2014-07-27

ジョン・ディクスン・カー「テニスコートの殺人」


これも大昔に旧『テニスコートの謎』で読んで、なんとなくは覚えているような。
足跡のない殺人ものであります。しかも犯行方法が絞殺とくれば、なかなかの難易度。

事件は不可能犯罪なのか、そうでないのか、その境界で揺れ続けるという趣向がひねくれていて面白い。読者は果たしてヒロインを信じて良いのか?
また、主人公はヒロインを窮地から救おうとするものの、予想外の出来事が襲い掛かり、サスペンスと同時に謎が増していくという、よくある演出だけど、この辺りもうまい。

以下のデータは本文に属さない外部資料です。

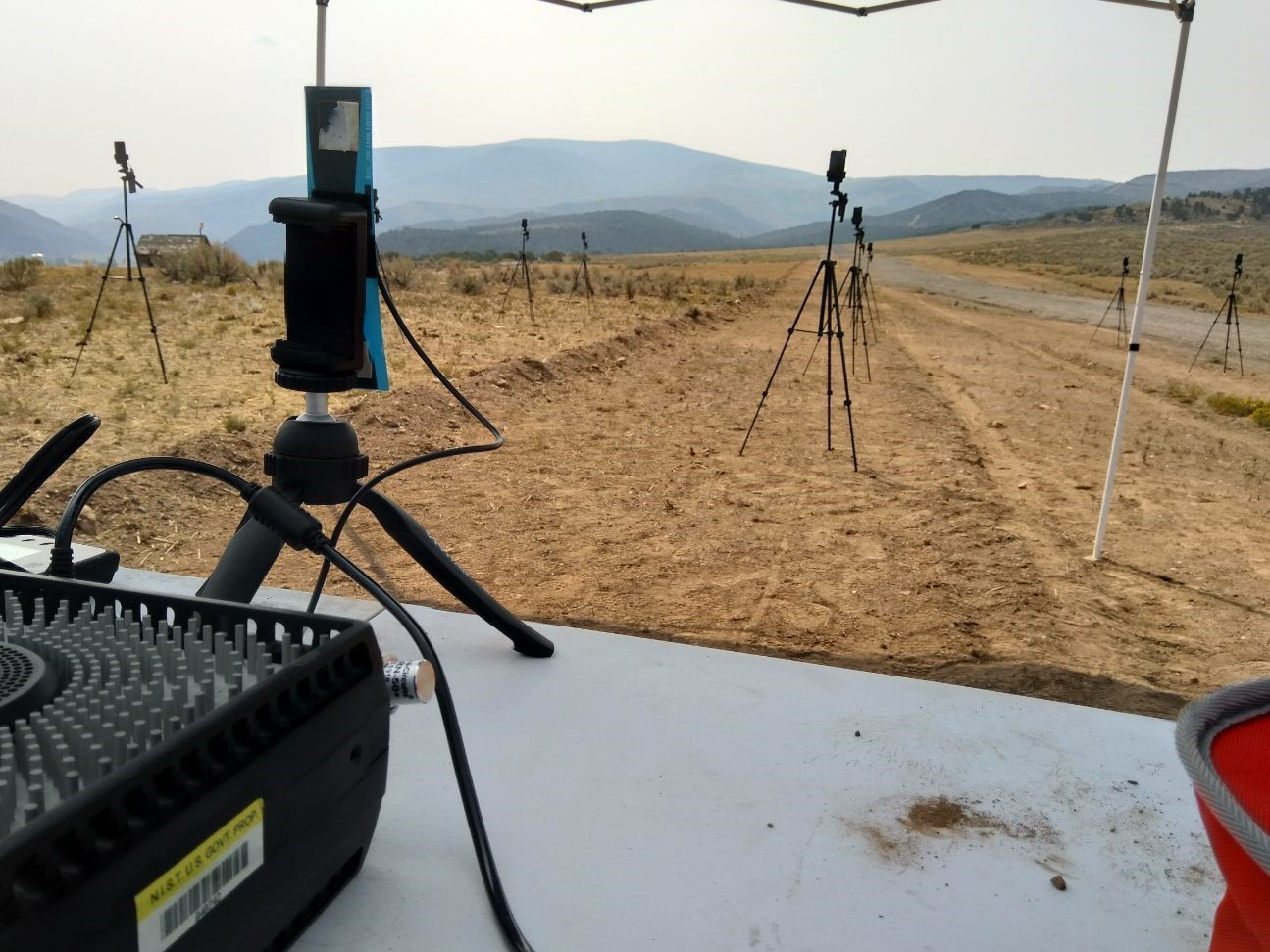 radio equipment on a table in front of cell phones mounted on tripods in a field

ストーリーテリングの冴えといいますか。
うん、中盤くらいまでは凄くいいんだけどなあ。

最後まで読み進めるとプロットはつぎはぎっぽいし、ご都合主義が目立つ謎解きにはどうしたって無理がある。とてもオリジナルなメイントリック(ここまでやるか!)も含めて、これもカーらしさなんだけれど、下手すりゃ古臭いと思われるかも。
さらには微妙な記述もあって、個人的には思わず嬉しくなってしまったのだけれど、怒るひともいるよな、これは。

意外に面白かった。けどまあ、ファン向けですね。